3.6 Decretos Legislativos.
Tais instrumentos normativos possuem grande relevância para o Direito tributário, eis que são os instrumentos para a aprovação dos Tratados Internacionais, integrando-os ao direito positivo após a atividade de deliberação onde haverá a sua ratificação pelo Congresso Nacional.
As Convenções Internacionais, acordos multilaterais ou bilaterais entre Estados soberanos, visam estabelecer normas comuns de direito internacional, principalmente sobre combate à evasão fiscal (tax evasion) e ao crime de lavagem de dinheiro.
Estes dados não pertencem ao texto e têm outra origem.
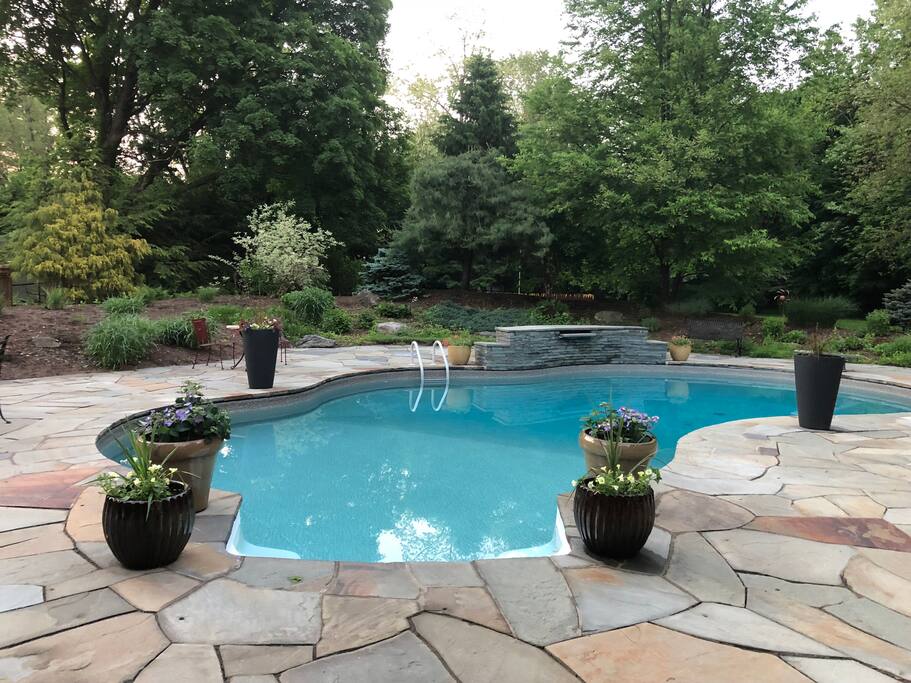 Heated saltwater pool with waterfall and diving board
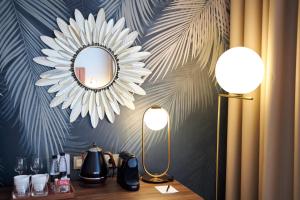 a mirror on a wall above a table with lamps at River Palace Hotel in Saint Petersburg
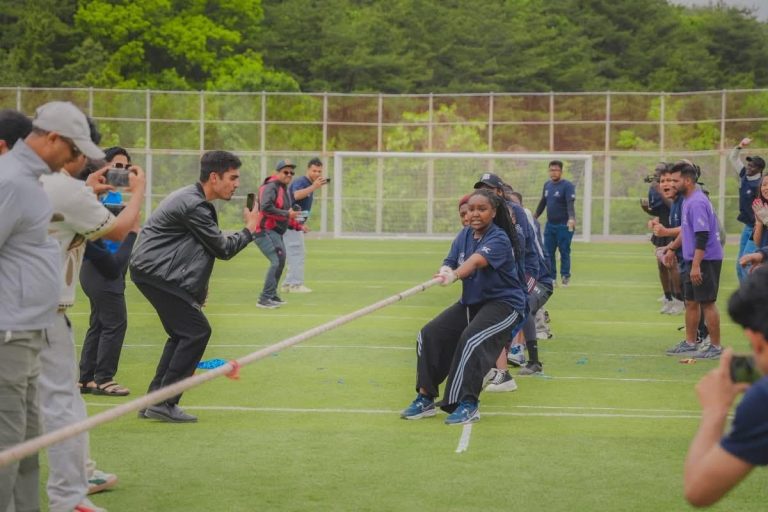 Students in a tug-of-war on a sports field
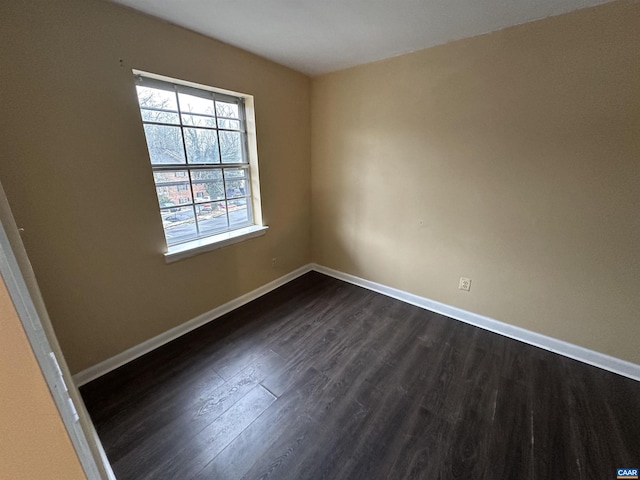 unfurnished room with dark wood-type flooring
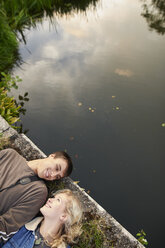 Overhead view of young couple lying on river footbridge - CUF28622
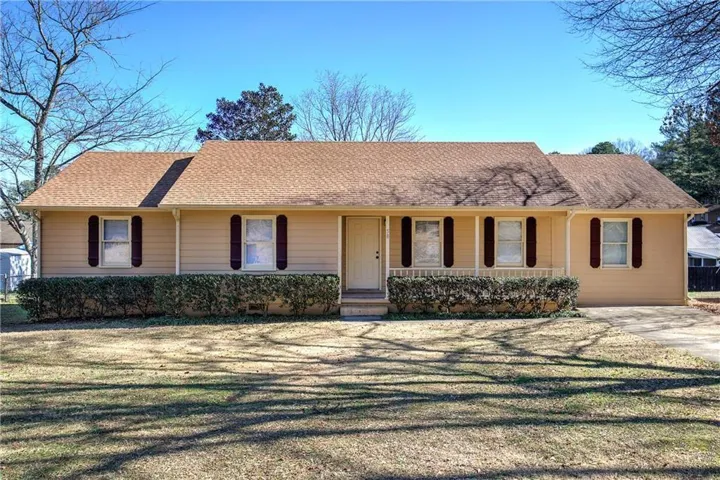 Ranch-style residence featuring horizontal siding, a gabled roofline, and symmetrical front windows with dark shutters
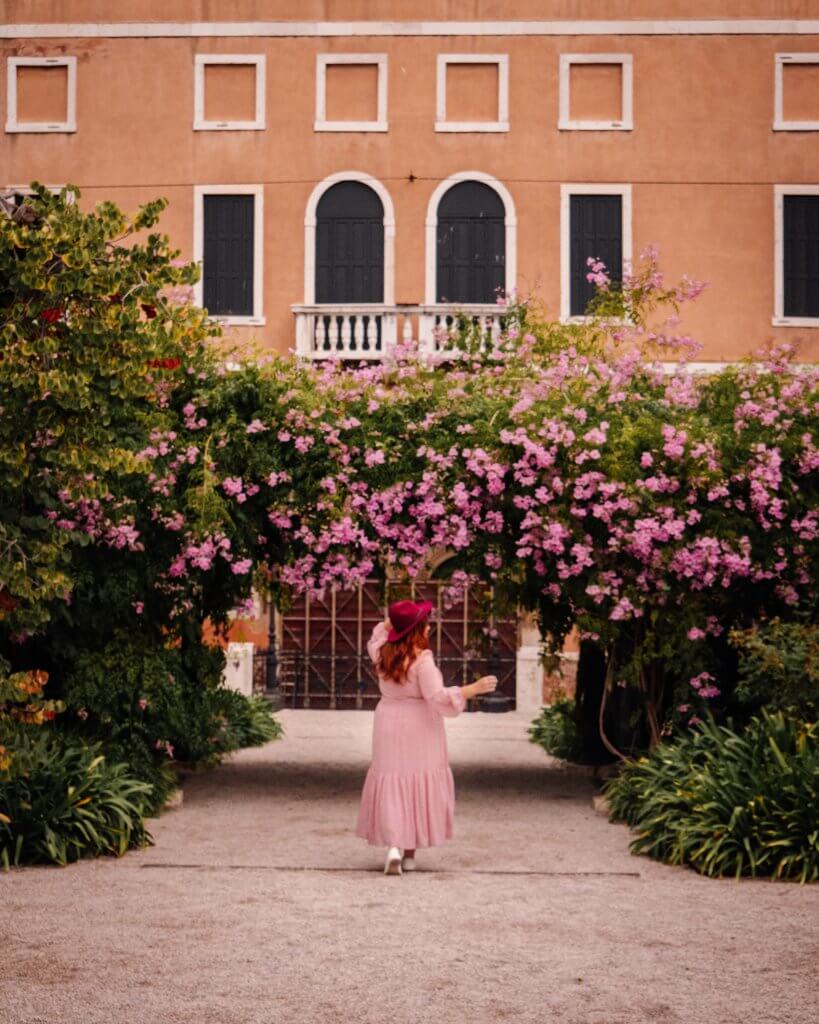 Woman walking among flowers at Giardini Reali gardens in Venice Italy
A iniciativa para a celebração de tratados internacionais pertence ao Chefe do Poder Executivo Federal. O Decreto Legislativo corresponde ao referendo e à chancela dados pelo Congresso Nacional, tornando eficaz no plano normativo interno os acordos internacionais subscritos pela República Federativa do Brasil.
3.7 Resoluções do Senado.
Como estão expressamente previstas pelo art. 59, VII, da Constituição em vigor, compõem o quadro das fontes formais do Direito. Para sua aprovação é exigido votação em que participe a maioria absoluta dos membros do Senado, da Câmara ou do Congresso Nacional; estão num plano formalmente superior à lei ordinária. Independem de sanção presidencial e o rito de sua votação está previsto nos respectivos Regimentos Internos. São utilizadas para a fixação de alíquotas mínimas ou máximas de impostos dos Estados Membros (art. 155, parágrafos 1º e 2º da Constituição de 1988).